Azide-selective sensor based on tripodal iron complex for direct azide determination in aqueous samples

Abstract

A potentiometric azide-selective sensor based on the use of iron(III) hydrotris(3,5-dimethylpyrazolyl)borate acetylacetonate chloride [Tp(Me2)Fe(acac)Cl] as a neutral carrier for an azide-selective electrode is reported. Effect of various plasticizers, viz. o-nitrophenyloctyl ether (o-NPOE), dioctylphthalate (DOP), dibutylphthalate (DBP), and benzylacetate (BA), and an anion excluder, hexadecyltrimethylammonium bromide (HTAB), with [Tp(Me2)Fe(acac)Cl] complex in poly(vinyl chloride) (PVC) were studied. The best performance was obtained with a membrane composition of [Tp(Me2)Fe(acac)Cl]/HTAB/DOP/PVC in a ratio of 5:2:190:100 (w/w). The sensor exhibits significantly enhanced selectivity toward azide ions over the concentration range 6.3 x 10(-7) to 1.0 x 10(-2) M with a lower detection limit of 3.8 x 10(-7) M and a Nernstian slope of 59.4 +/- 1.1 mV decade(-1). Influences of the membrane composition, pH and possible interfering anions were investigated on the response properties of the electrode.
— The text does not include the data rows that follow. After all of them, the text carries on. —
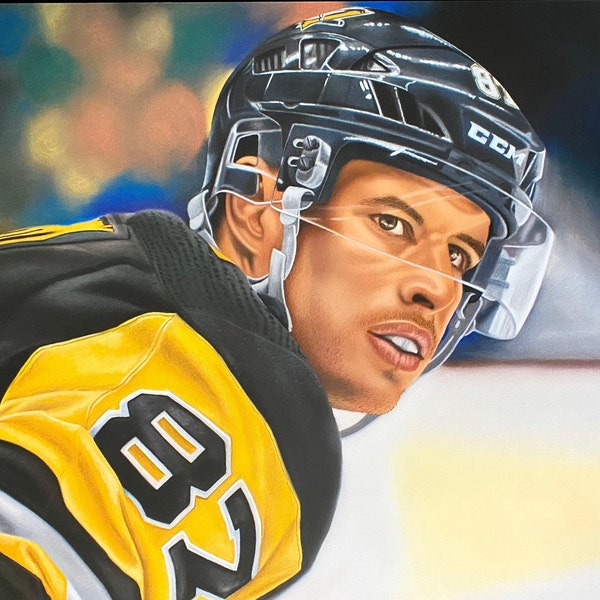 Pittsburgh Penguins "Sid the Kid" Sidney Crosby Hockey giclee print Artwork by Tempy Moore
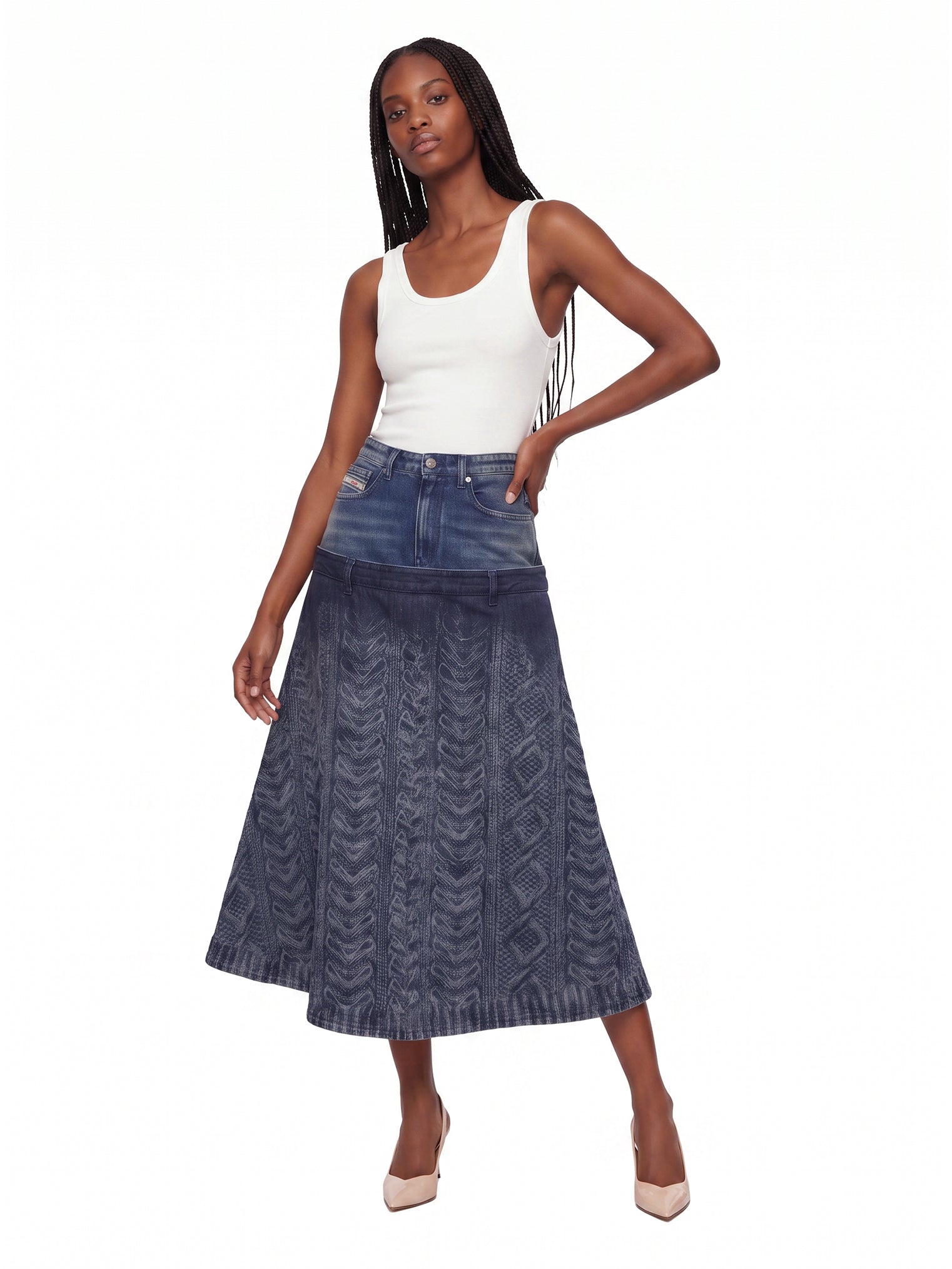 Gonna denim svasata de-vorya-s1 in blu 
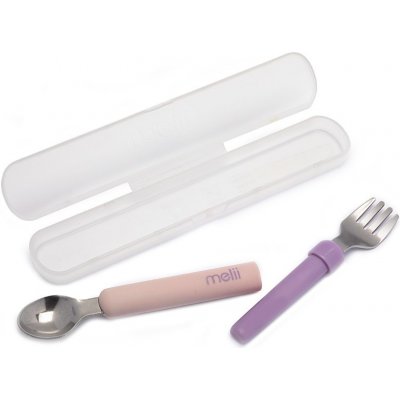 Melii Dětská vidlička a lžička s pouzdrem růžovo/fialová – Sleviste.cz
Fast and stable response, good reproducibility, long-term stability and applicability over a wide pH range (3.5-9.0) are demonstrated. The sensor has a response time of 14 s and can be used for at least 45 days without any considerable divergence in the potential response. The proposed electrode shows fairly good discrimination of azide from several inorganic and organic anions. It was successfully applied to the direct determination of azide in orange juice, tea extracts and human urine samples.